With just enough time for one place, I choose the Haedong Yonggungsa in the far eastern reaches of the city, mainly because its pictures are some of the most prominent in Google searches of Busan. Getting there is tricky, though, and we get down a station too early. We walk the rest of the way, but it turns out to be much farther than expected. The view going there is really nice, though, with the wide highways and open spaces reminding me of coastal California. The late afternoon sun provides a really warm feeling, contrasted by the blue ocean.
It’s almost sunset when we arrive at the Haedong Yonggungsa. Whereas most Korean temples are built on mountains and hills, this one is built on rocks beside the sea. It was constructed in 1376 by a Buddhist teacher called Naong during the Goryeo Dynasty, though was destroyed by the Japanese invasion.
Reconstruction started in 1970, beginning with the main sanctuary, and efforts have been meticulous. The temple itself can be reached by going down a series of steps leading to a rocky outcrop beside the ocean. The gentle lapping of waves, combined with the general calming vibe of a Buddhist place, eases away all muscle aches from all the walking.
Back at the hostel later in the evening, we meet a few more fellow travelers along with one of the hostel staff members. I can’t remember the staff member’s name (it starts with R), but she shares the same birthday as mine. We celebrate it once more by having a large box of Korean fried chicken delivered and sharing it around the hostel’s common area, along with a box of donuts Justin bought earlier.
I PART WAYS WITH JUSTIN the next morning, as I decide to stay one more day in Busan to make up for the half day we spent trying to fix his ATM card problem. Meanwhile, he decides to go to Gyeongju with Felix, a traveler from Germany whom we share our room with at the hostel.
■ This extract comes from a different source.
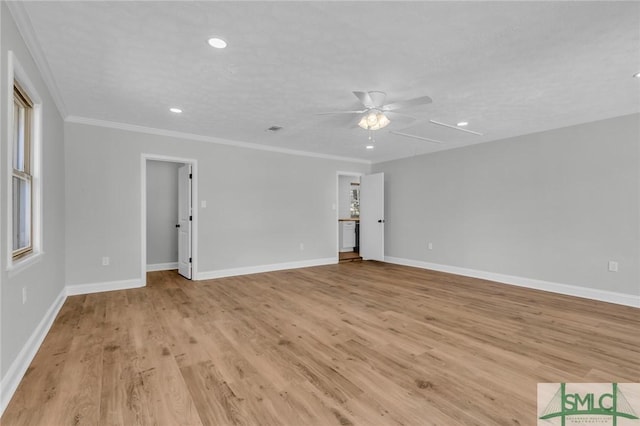 unfurnished room with ceiling fan, baseboards, ornamental molding, and light wood finished floors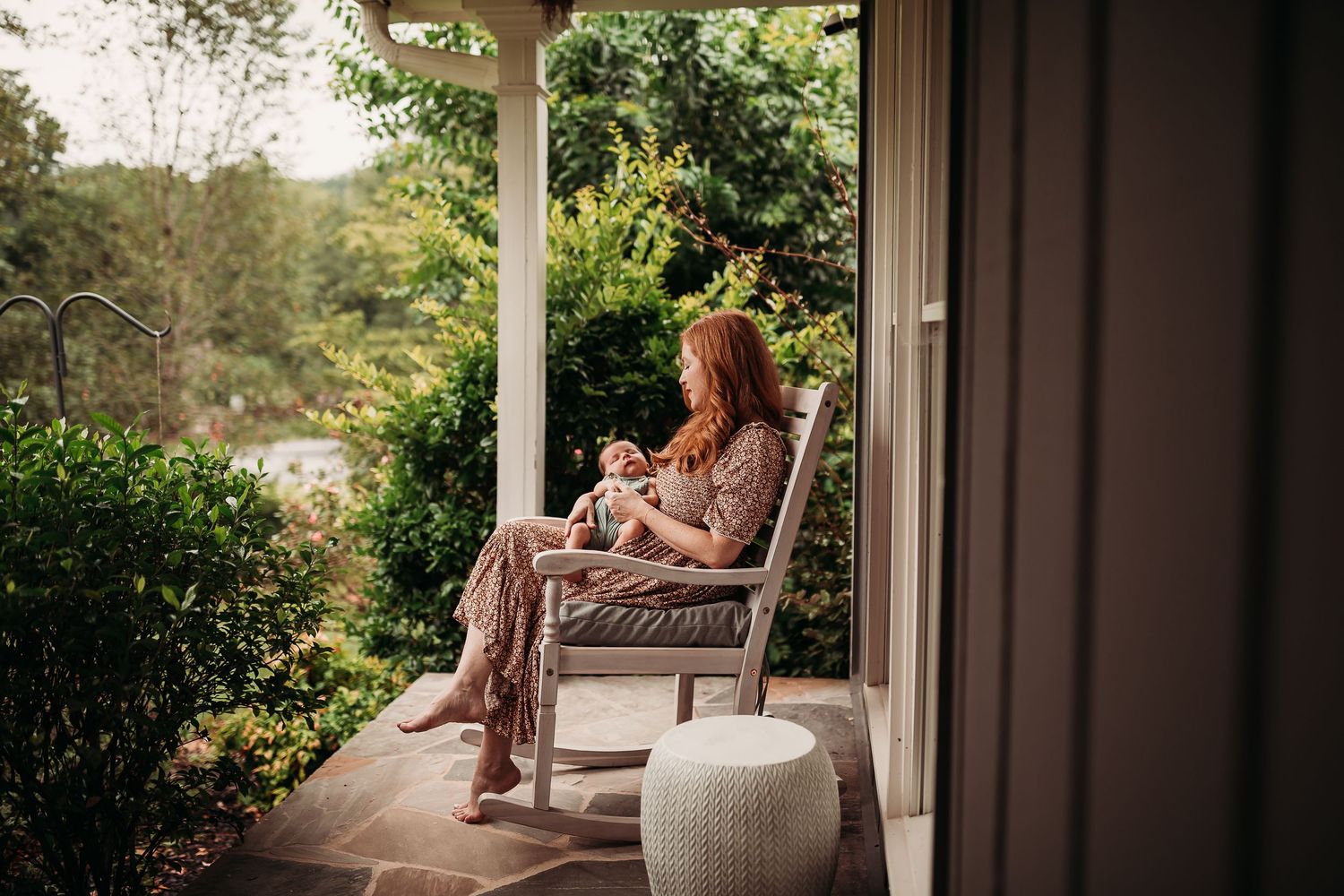A red-haired mother breastfeeding her newborn in a rocking chair on a serene porch surrounded by lush greenery.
Farewells bid, I start my Busan tour by heading to the Gamcheon Culture Village. Local government efforts transformed this once poor slum district into one of the most popular attractions in the city. Colorful houses dot the hillsides, and there’s a palpable artistic vibe walking walking around its narrow, winding streets.
I head next to the Jagalchi Market, the country’s largest seafood market. It’s a really busy place, and the whir of activities – not to mention the smell – can be really overwhelming. But it’s a great way to see a cross-section of Korean life, looking at vendors and buyers going about their daily lives. I walk a bit around witnessing the bustle before going to the subway for the next stop in today’s itinerary.
Just before noon, I arrive at Yeongdo-gu, an island district off the coast of central Busan. The island is connected to the mainland by the Yeongdodaegyo Bridge, the first bridge in the city to connect an island to the mainland. The district’s main attraction is Taejongdae, a large natural recreation area where a well-maintained trail leads to viewpoints of Busan’s rugged coastline.
Of course, I can’t leave Busan without going to its most famous shoreline, the Haeundae Beach. In summer, Hauendae is crowded with swimming and sun-worshippers. Today, in the dead of the winter season, swimming is prohibited. But it’s still filled with visitors enjoying the relaxing effect of the sea.
Suddenly I hear a voice calling my name. I turn around and see Justin running towards me. It turns out his trip to Gyeongju didn’t push through as Felix had to meet his Korean friends. While I was busy going around Busan, Justin went to relax at a spa. And in a remarkable coincidence, we find each other in Hauendae. But now he decides to stay in Busan, while I plan on going to Gyeongju tonight by bus.
We laugh despite the lingering feeling of having to go our separate ways once more. But for now, we still have the rest of the afternoon to enjoy the city and laugh at the irony of fouled up itineraries.